In England, by contrast, sumptuary law disappeared a century earlier than in other parts of Europe. The country's controls on clothing were abolished in 1604 when Parliament repealed the previous royal proclamations of Elizabeth I. During her reign the queen had frequently pronounced sumptuary proclamations that, like their French counterparts, attempted to enforce a vision of social hierarchy by limiting certain items of luxurious dress to members of the nobility or other high-ranking classes in society. The Stuart King James I who succeeded Elizabeth in 1603 wished to continue to legislate his subjects' clothing in this way, too, but in the later sixteenth and early seventeenth centuries, legislation enacted through royal proclamations had grown increasingly controversial in England. The English Parliament attempted to protect its prerogatives as the legislative power within the state by arguing that all regulation should originate under its supervision.
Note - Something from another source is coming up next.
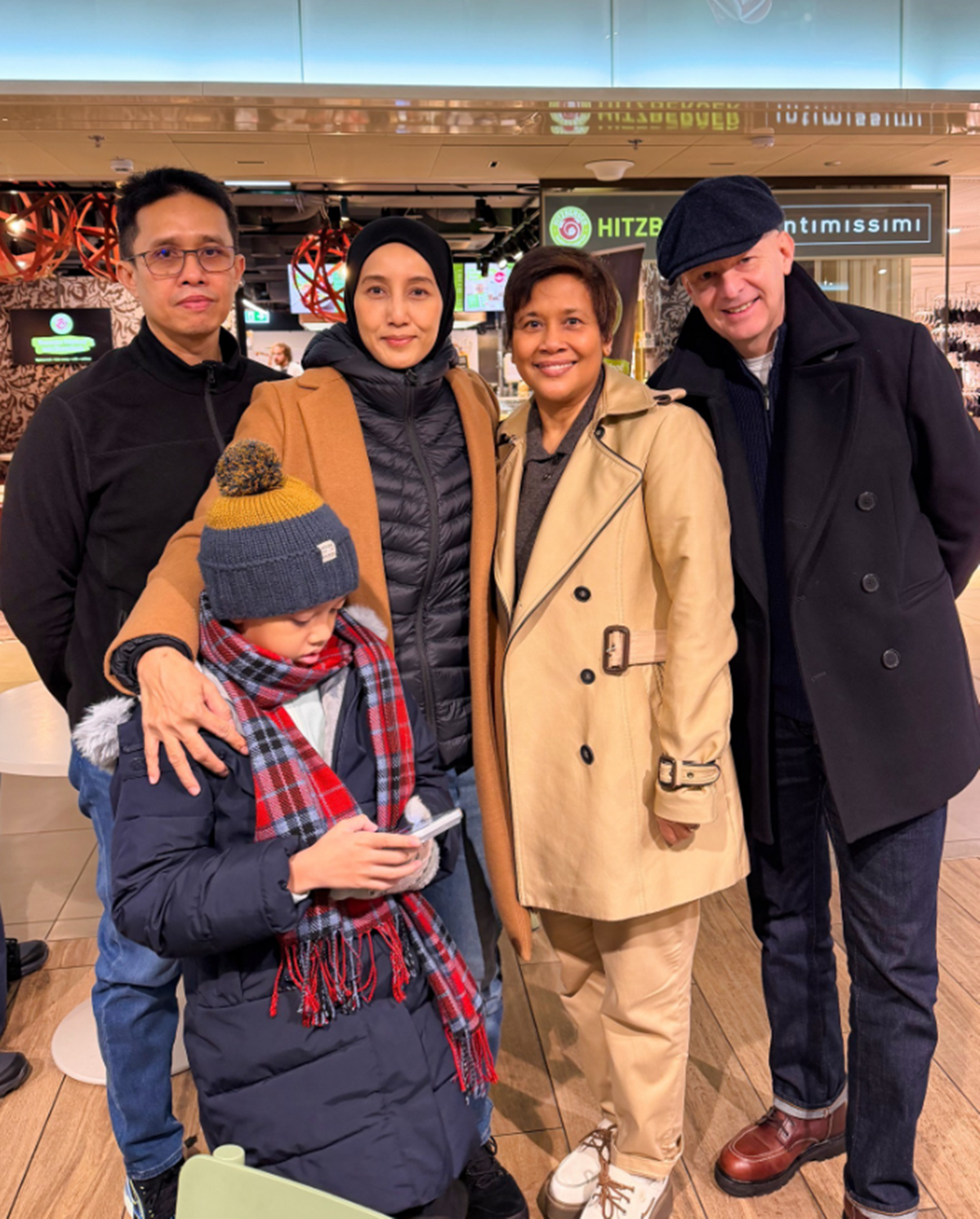 Che Nom dan keluarga bercuti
In England, sumptuary legislation thus floundered on the disputes between Crown and Parliament that became increasingly common in the first half of the seventeenth century. Numerous new attempts to regulate dress at this time ultimately failed because of the constant wrangling that occurred between king and Parliament concerning the nature of their own powers and prerogatives. As these disputes came increasingly to take on the nature of a religious crisis between Puritanism and Anglicanism, disputes bristled in the country about clothing and the excesses of contemporary dress. The Puritans, in fact, supported a sober and restrained style, in contrast to the aristocratic Cavalier party that stood behind the Crown. Puritan settlers took the traditional regulations of sumptuary law to New England, where a host of restrictions on dress appeared in the seventeenth century. Yet in England itself restrictions on clothing disappeared, not because they were unpopular in and of themselves, but because of disagreements about how they should be formulated and enacted in the English state.

sources

Frances Elizabeth Baldwin, Sumptuary Legislation and Personal Regulation in England (Baltimore, Md.: Johns Hopkins University Press, 1926).

Diane Owen Hughes, "Sumptuary Laws and Social Relations in Renaissance Italy," in Disputes and Settlements, Ed. John Bossy. (Cambridge, England: Cambridge University Press, 1983).

Alan Hunt, Governance of the Consuming Passions: A History of Sumptuary Law (New York: St. Martin's Press, 1996).

Catherine K. Killerby, Sumptuary Law in Italy, 1200–1500 (Oxford: Clarendon Press, 2002).